### The problem:
In the records below, the line that contains "Red Rose on Gold" marks the start. Copy it and each line after it through the end, exactly, without pictures.

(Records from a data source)
[Start of Attachment]

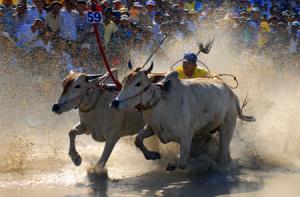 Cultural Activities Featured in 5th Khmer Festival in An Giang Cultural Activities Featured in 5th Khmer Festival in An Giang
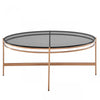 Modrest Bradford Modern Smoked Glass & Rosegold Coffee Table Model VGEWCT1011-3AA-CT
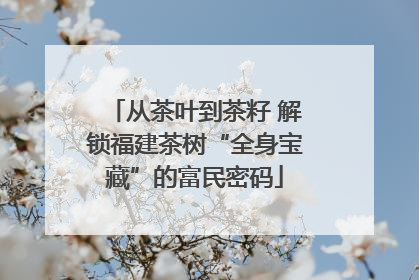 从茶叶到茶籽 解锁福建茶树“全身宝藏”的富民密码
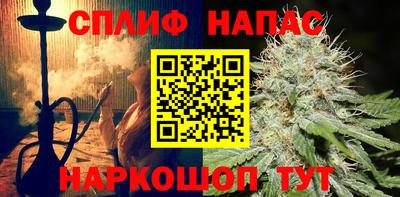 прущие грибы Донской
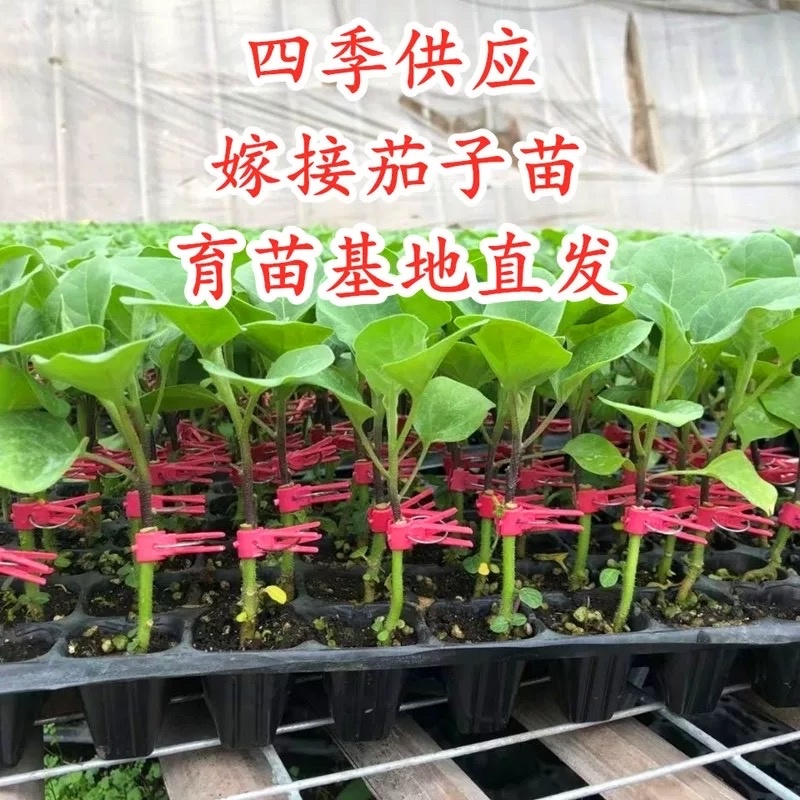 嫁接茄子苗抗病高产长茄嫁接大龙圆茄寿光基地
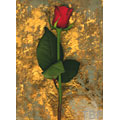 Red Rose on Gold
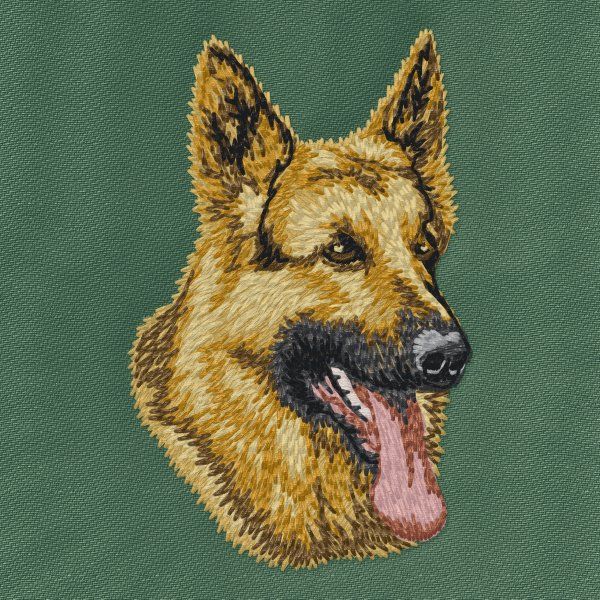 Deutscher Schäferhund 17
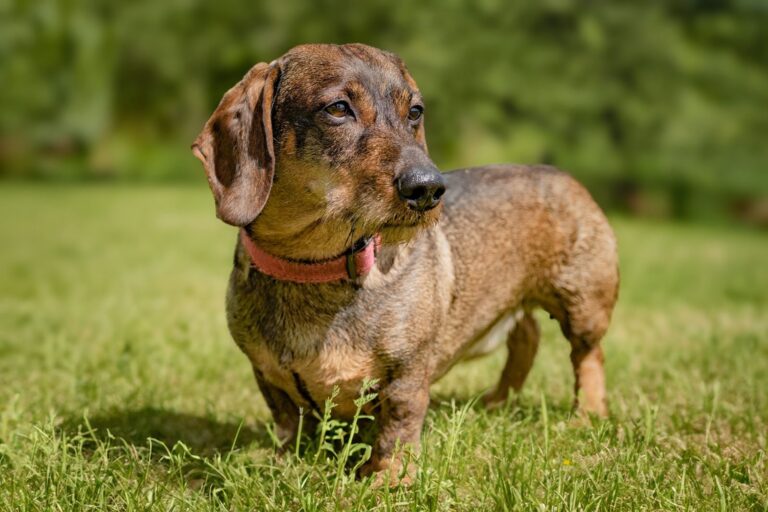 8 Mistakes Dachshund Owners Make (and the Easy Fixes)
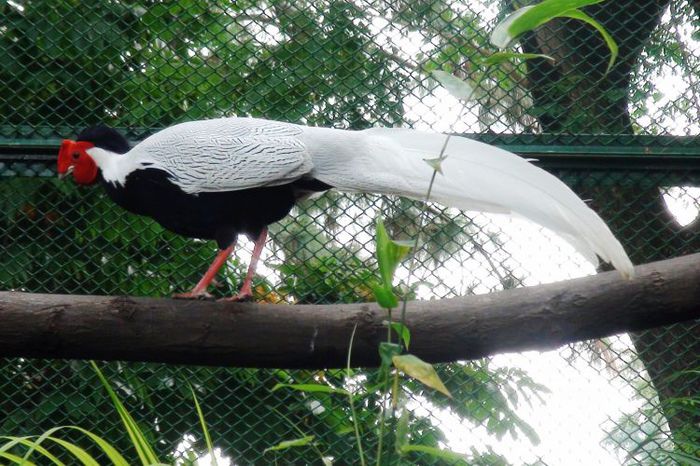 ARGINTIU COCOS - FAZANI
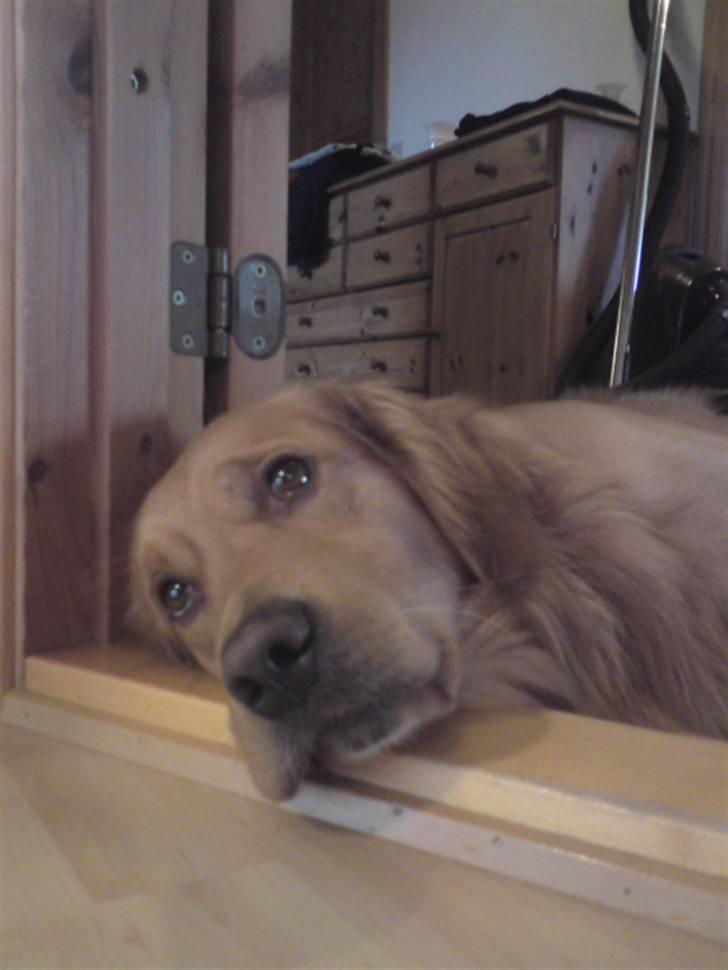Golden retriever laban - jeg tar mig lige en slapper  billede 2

[End of Attachment]

### Written answer:
 Red Rose on Gold
 Deutscher Schäferhund 17
 8 Mistakes Dachshund Owners Make (and the Easy Fixes)
 ARGINTIU COCOS - FAZANI
Golden retriever laban - jeg tar mig lige en slapper  billede 2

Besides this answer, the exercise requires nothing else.